WHAT IS YOUR TAKE ON THE DIFFERENCE (IF ANY) BETWEEN A FARMER AND A "FARM WORKER"/"FARM EMPLOYEE" BESIDES PROPRIETORSHIP?
A farmer has this idea of, you’re a full time farmer, you have your own farm.
DO YOU CALL YOURSELF A FARMER? WHY OR WHY NOT.
I feel like I don’t have the right to call myself a farmer. A lot of the time I say I’m a farm hand. Farm hand has a lower stature sounding to it. I think that is also maybe my own ego and not feeling worthy of certain titles. I also do call myself a farmer sometimes, too.
WHAT KIND OF SUPPORT WOULD BE HELPFUL FOR PEOPLE WORKING ON FARMS NOT THEIR OWN?
Having this place through what Not Our Farm is doing sounds really beautiful to have some sort of database or online community to connect with other farmers who do not own land. This can be in any work environment, but we get to this point where we all accept certain things in our work environment to be status quo. Like on our farm, we didn’t have a bathroom for awhile, and it kind of became this normal thing. After a while, we started thinking, ‘why don’t they just get us a portapotty?’ But it was this thing we accepted. Having this public community to other farm hands/ farmers, and being able to ask: Do you guys deal with this same sort of problem? How do you handle it? Having this comparative community, it helps you realize that, oh maybe I’ve normalized this treatment or disrespect because it’s all I’ve known here, but when I talk to other people and have this way of reaching out, I can understand that this is not right.

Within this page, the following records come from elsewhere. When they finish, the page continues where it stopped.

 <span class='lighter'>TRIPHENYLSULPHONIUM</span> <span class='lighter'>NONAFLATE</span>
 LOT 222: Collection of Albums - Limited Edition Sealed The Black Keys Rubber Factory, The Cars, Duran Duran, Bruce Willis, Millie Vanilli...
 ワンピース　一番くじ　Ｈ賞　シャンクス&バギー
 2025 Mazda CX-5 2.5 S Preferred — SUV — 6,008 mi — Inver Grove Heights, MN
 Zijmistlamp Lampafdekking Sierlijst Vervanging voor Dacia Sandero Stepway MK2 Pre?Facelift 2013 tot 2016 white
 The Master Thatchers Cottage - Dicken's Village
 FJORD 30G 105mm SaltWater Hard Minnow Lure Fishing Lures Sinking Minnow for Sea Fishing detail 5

I live with a labor organizer who works for a union. What would it look like to have a union interacting with the non-profit where I work? I say this not knowing much about the National Farmers Union, but having this collective support is really important especially as a way of reaching out and communicating. I think power in numbers is a real thing.

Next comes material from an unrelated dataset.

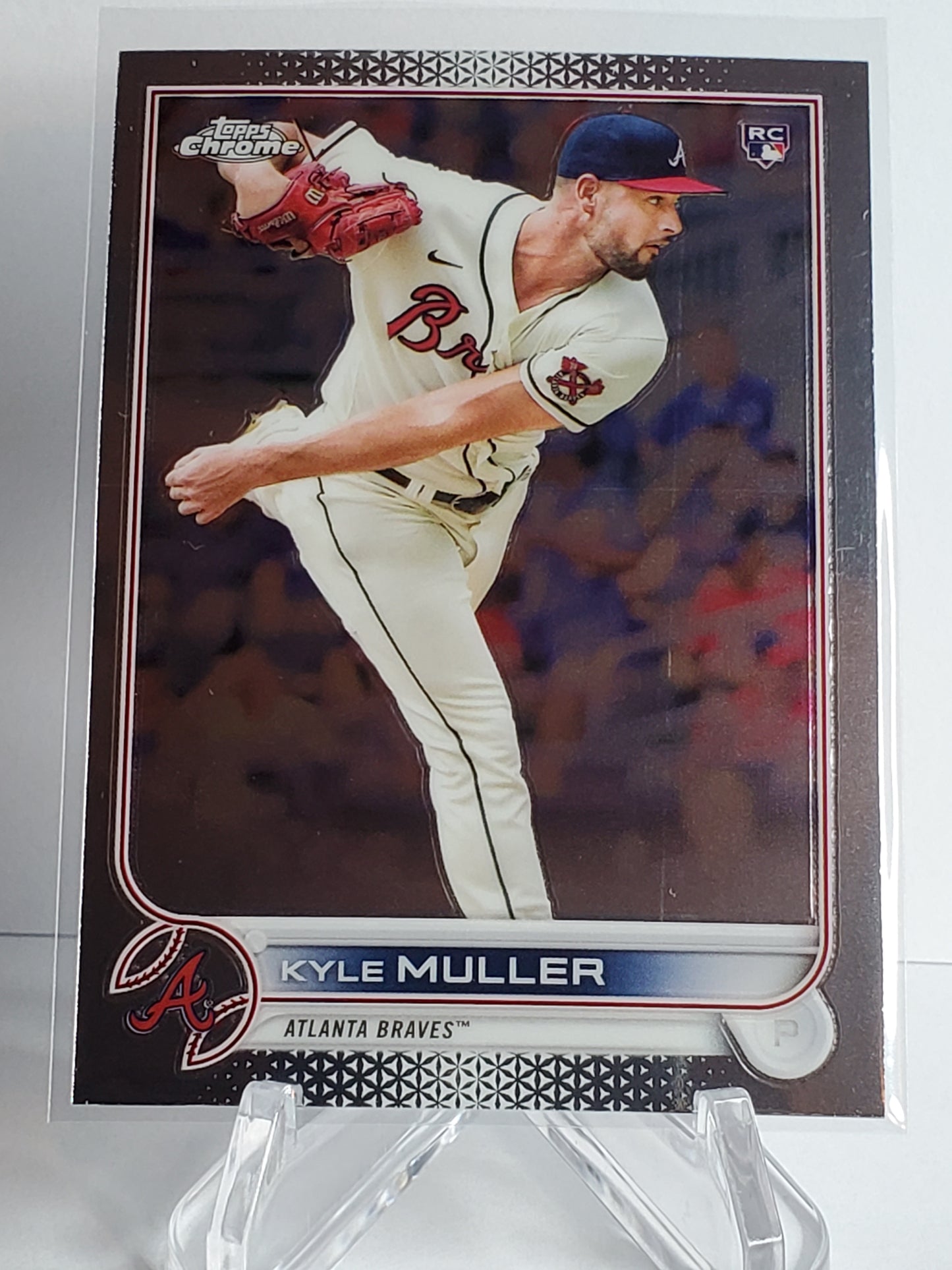 Kyle Muller 2022 Topps Chrome RC #70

I’ve started in my own way learning about sites and places that connect you to retiring farmers. It’s a beautiful way of acquiring land as a young farmer. There is something beautiful and heartbreaking because it’s the reality of the American farmer: an aging population, and I think having/hearing that there is a place to go to look at farms and connect to older aging farmers, it makes it possibly accessible to acquire land and systems. I recently read the book “Farming while Black” by Leah Penniman from Soul Fire Farm. It was an incredibly informative book in the way that she broke down what are all the sources of where you can find land, places open to funding you. It was a tangible way of dipping your toe in and thinking this is a possibility and people actually do it. That’s really helpful.

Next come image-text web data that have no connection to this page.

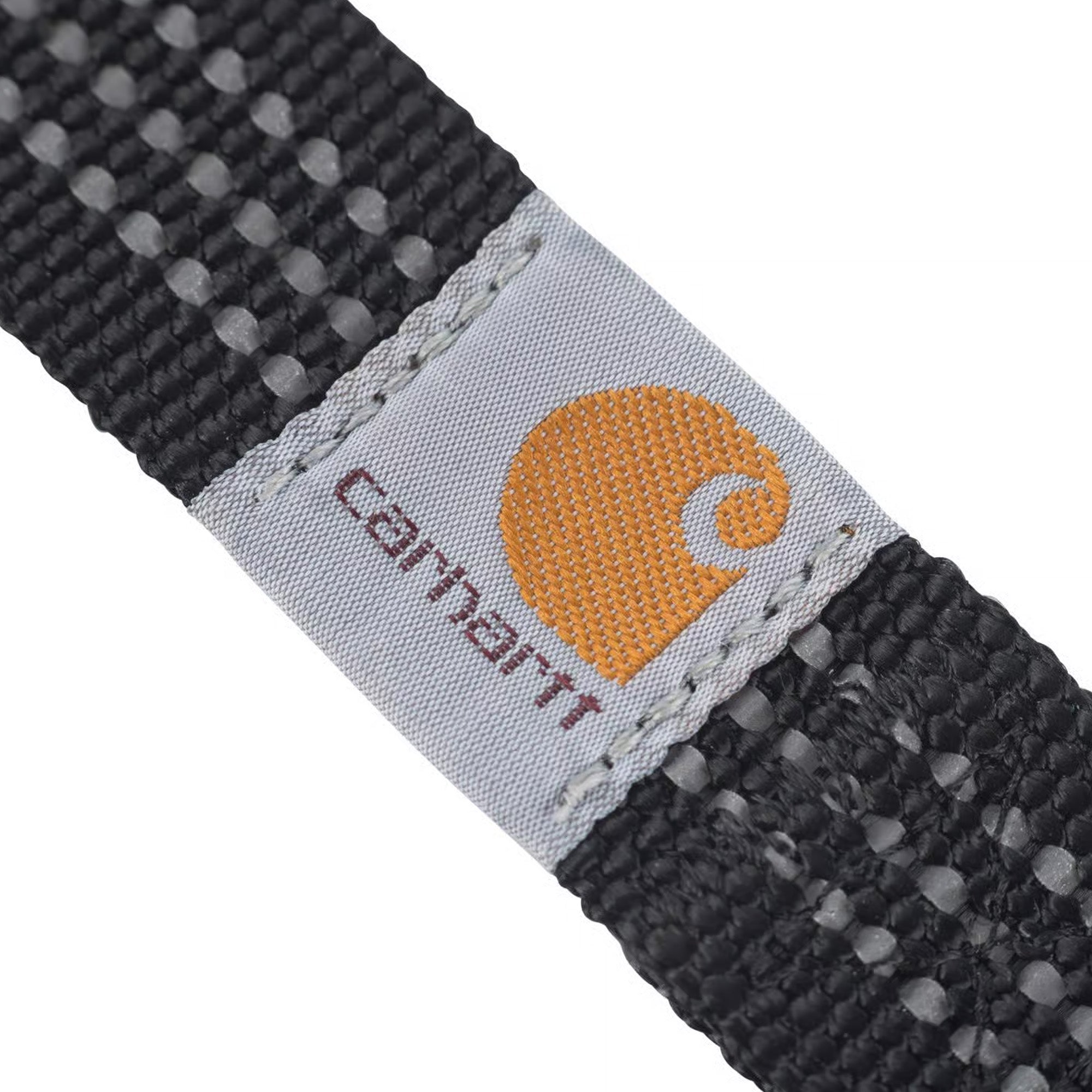 Carhartt Dual Handle Dog Leash Metal Trigger Claw Clasp Black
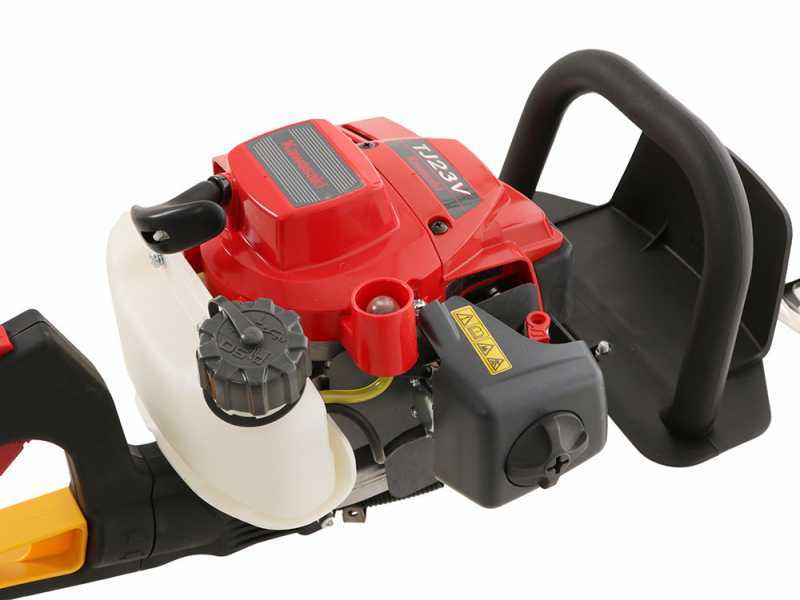 BlueBird E8F750 - Tagliasiepi a scoppio con lama da 75 cm - Motore Kawasaki da 22,5 cc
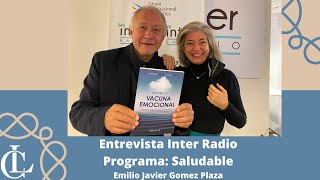 Entrevista Inter Radio Programa Saludable Emilio Javier Gómez Plaza - Christine Lebriez Marzal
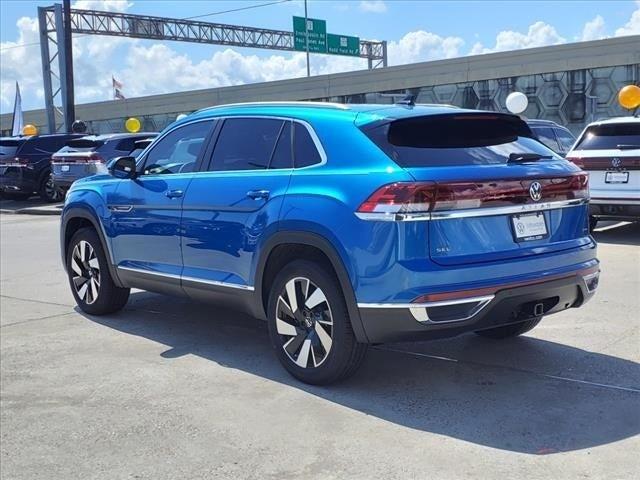 new 2024 Volkswagen Atlas Cross Sport car, priced at $45,853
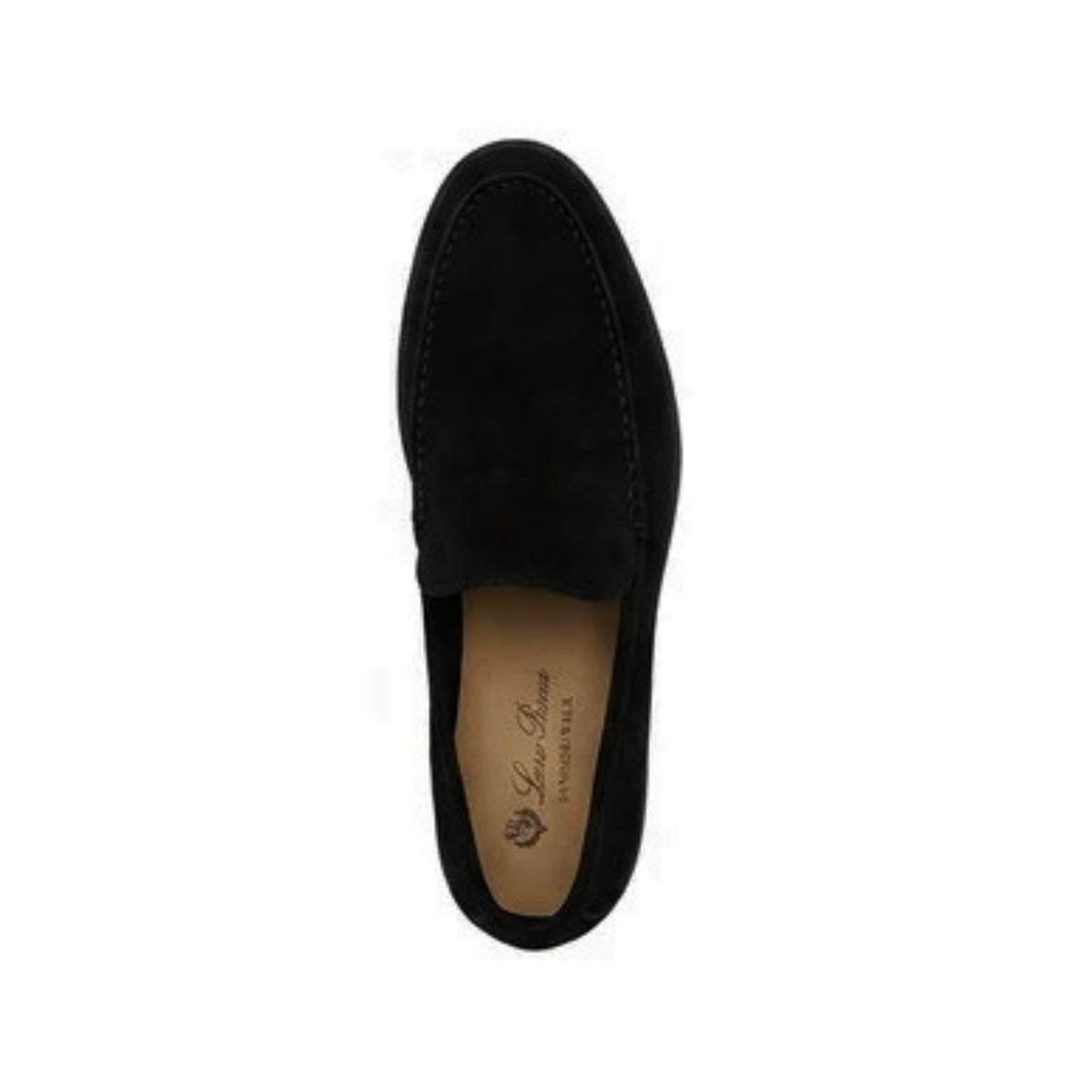 Loro Piana Summer Walk 'Black Suede' (Unisex)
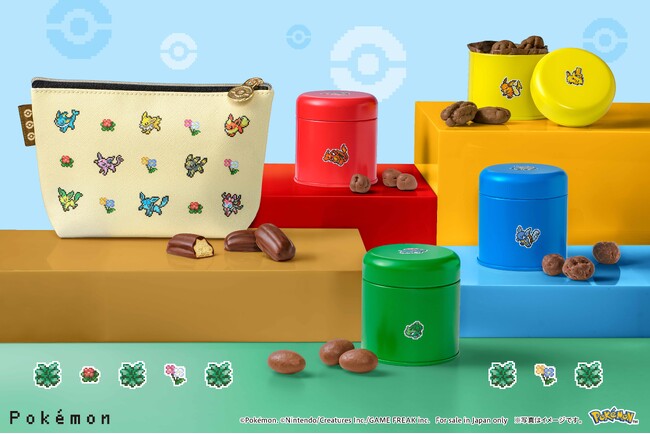 2026年メリーチョコレートバレンタイン「ポケモン meets メリーチョコレート」ポケモンをイメージしたこだわりの新作チョコレート8 商品を2025年12月23日(火)より新発売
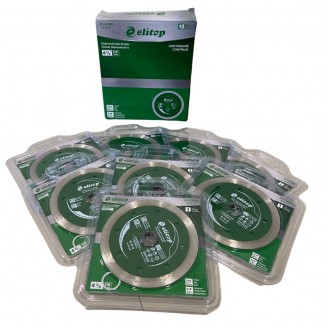 Kit 10 Discos Diamantado...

WHAT IS YOUR OPINION/TAKE ON THE FARMER LUNCH? (DO YOU TAKE LUNCH, DO YOU SKIP LUNCH, DO YOU ENJOY TAKING LUNCH WITH YOUR CREW - FOR COMMUNITY BUILDING, IS THERE PRESSURE TO BE SOCIAL....)
I love lunch. I always really enjoy taking lunch with my farm crew. For us on harvest days we had this mentality where if it’s harvest day, come in with a big belly of breakfast because we will power through and eat lunch when we’re done. Some days we would eat lunch at 2; some days we would eat lunch at 4. It was this collective building and celebration of lunch, like, Yes! We earned this.
Our lunch was really social, but sometimes I wished I could sit in a corner and read and eat my lunch.